▸ **MATERIAL SHOWN**:
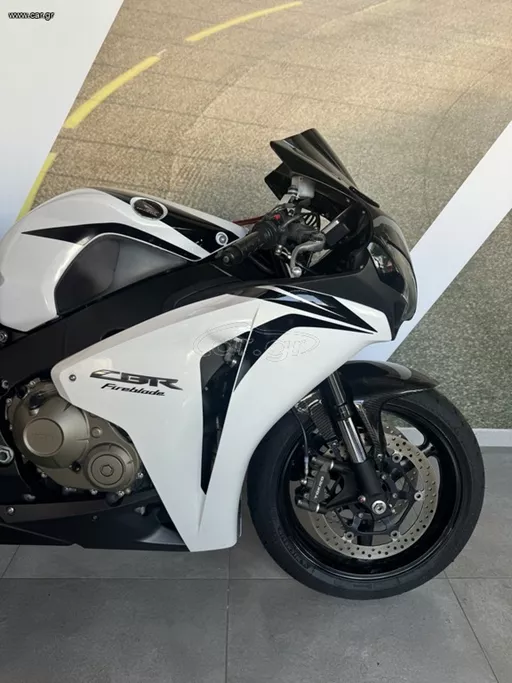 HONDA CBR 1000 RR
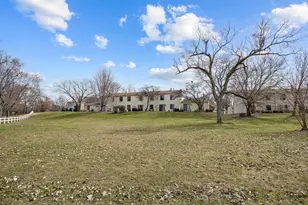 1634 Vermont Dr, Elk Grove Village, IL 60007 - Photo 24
---
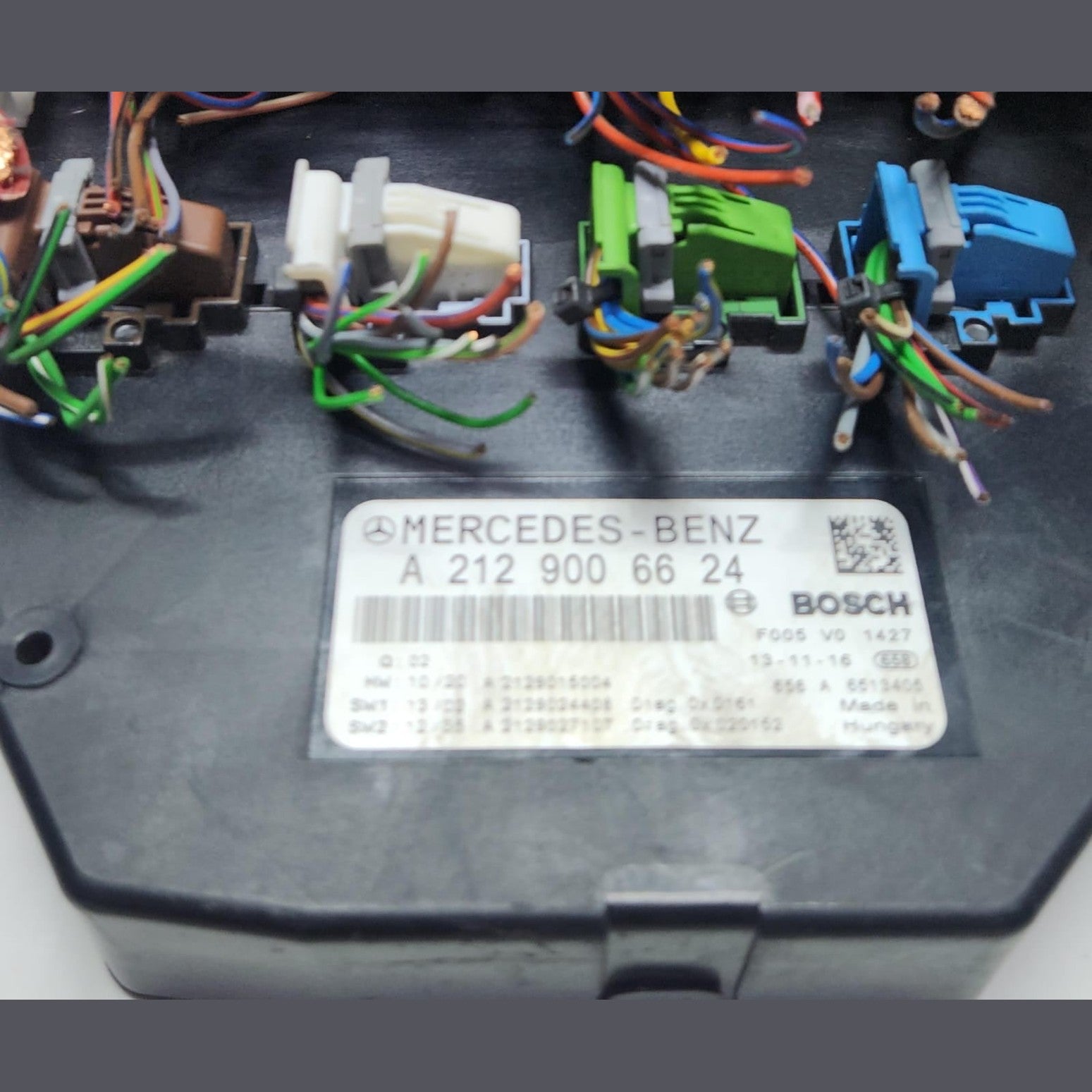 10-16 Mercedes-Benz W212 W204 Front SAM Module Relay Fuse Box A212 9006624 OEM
--
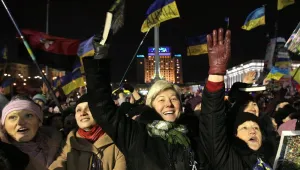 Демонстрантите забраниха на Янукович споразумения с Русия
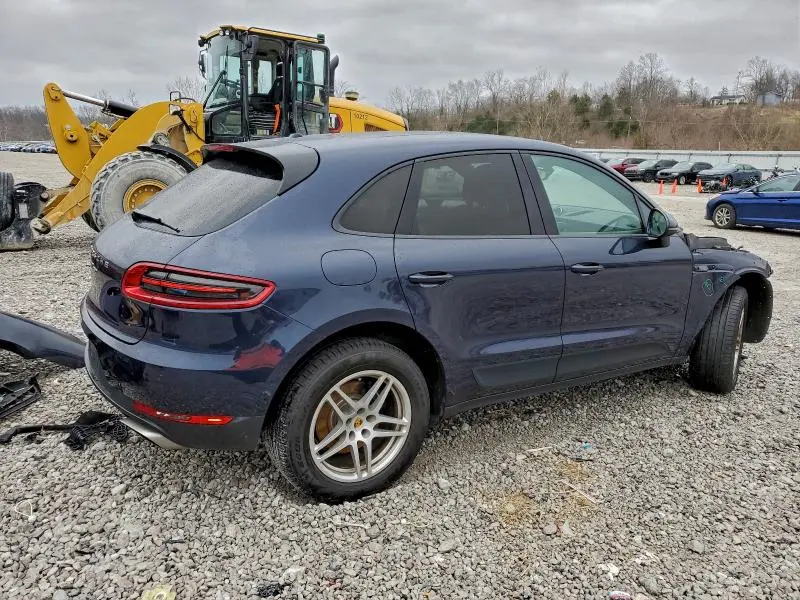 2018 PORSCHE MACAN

▸ **WHAT IS EXPECTED**: Transcribe only the lines above that start at the line containing "HONDA CBR 1000 RR" and end at the line containing "1634 Vermont Dr, Elk". Omit pictures.

▸ **ANSWER TO THIS PROBLEM**:
 HONDA CBR 1000 RR
 1634 Vermont Dr, Elk Grove Village, IL 60007 - Photo 24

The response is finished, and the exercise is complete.